Let $3{\rm{ s}}$ be the second point of the curve with velocity 12 m/s and 0 s be the first point of the curve with velocity 0 m/s.

The acceleration of the object in this interval can be calculated as follows:

$a = \frac{{{v_2} - {v_1}}}{{{t_2} - {t_1}}}$

Here, ${v_1}$ is the first point of the curve at time ${t_1}$ and ${v_2}$ is the final point of the curve at time ${t_2}$ .

Substitute 12 m/s for ${v_2}$ , 0 m/s for ${v_1}$ , 3 s for ${t_2}$ , and 0 s for ${t_1}$ .

$\begin{array}{c}\\a = \frac{{12{\rm{ m/s}} - 0{\rm{ m/s}}}}{{3{\rm{ s}} - 0{\rm{ s}}}}\\\\ = 4{\rm{ m/}}{{\rm{s}}^2}\\\end{array}$

The expression of force is as follows:

$F = ma$

Substitute 2.7 kg for m and $4{\rm{ m/}}{{\rm{s}}^2}$ for a in the above expression.

$\begin{array}{c}\\F = \left( {2.7{\rm{ kg}}} \right)\left( {4{\rm{ m/}}{{\rm{s}}^2}} \right)\\\\ = 10.8{\rm{ N}}\\\end{array}$

(B)

The horizontal curve starts from 3 s and end at 6 s. This means that the time 4 s lies between this interval.

Let ${\rm{6 s}}$ be the second point of the curve with velocity 12 m/s and 3 s be the first point of the curve with velocity 12 m/s.

The acceleration of the object in this interval can be calculated as follows:

$a = \frac{{{v_2} - {v_1}}}{{{t_2} - {t_1}}}$

Here, ${v_1}$ is the first point of the curve at time ${t_1}$ and ${v_2}$ is the final point of the curve at time ${t_2}$ .

Substitute 12 m/s for ${v_2}$ , 12 m/s for ${v_1}$ , 6 s for ${t_2}$ , and 3 s for ${t_1}$ .

$\begin{array}{c}\\a = \frac{{12{\rm{ m/s}} - 12{\rm{ m/s}}}}{{{\rm{6 s}} - 3{\rm{ s}}}}\\\\ = 0{\rm{ m/}}{{\rm{s}}^2}\\\end{array}$

The expression of force is as follows:

$F = ma$

Substitute 2.7 kg for m and ${\rm{0 m/}}{{\rm{s}}^2}$ for a in the above expression.

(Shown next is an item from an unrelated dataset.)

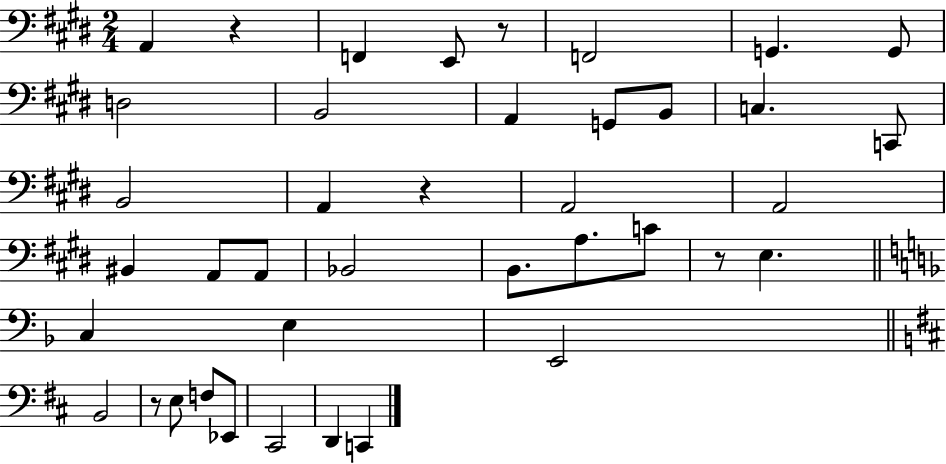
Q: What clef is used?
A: bass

$\begin{array}{c}\\F = \left( {2.7{\rm{ kg}}} \right)\left( {{\rm{0 m/}}{{\rm{s}}^2}} \right)\\\\ = 0.0{\rm{ N}}\\\end{array}$

(C)

The decreasing curve starts from 6 s and end at 8 s. This means that the time 7 s lies between this interval.

Let 8 s be the second point of the curve with velocity 0 m/s and 6 s be the first point of the curve with velocity 12 m/s.

The acceleration of the object in this interval can be calculated as follows:

$a = \frac{{{v_2} - {v_1}}}{{{t_2} - {t_1}}}$

Here, ${v_1}$ is the first point of the curve at time ${t_1}$ and ${v_2}$ is the final point of the curve at time ${t_2}$ .

Substitute 0 m/s for ${v_2}$ , 12 m/s for ${v_1}$ , 8 s for ${t_2}$ , and 6 s for ${t_1}$ .

$\begin{array}{c}\\a = \frac{{{\rm{0 m/s}} - 12{\rm{ m/s}}}}{{{\rm{8 s}} - 6{\rm{ s}}}}\\\\ = - 6{\rm{ m/}}{{\rm{s}}^2}\\\end{array}$

The expression of force is as follows:

$F = ma$

Substitute 2.7 kg for m and $- {\rm{6 m/}}{{\rm{s}}^2}$ for a in the above expression.

$\begin{array}{c}\\F = \left( {2.7{\rm{ kg}}} \right)\left( {{\rm{ - 6 m/}}{{\rm{s}}^2}} \right)\\\\ = - 16.2{\rm{ N}}\\\end{array}$

Ans: Part A

The net force acting on the object at 1 s is 10.8 N.

Part B

The net force acting on the object at 4 s is 0.0 N.

Part C

The net force acting on the object at 7 s is -16.2 N.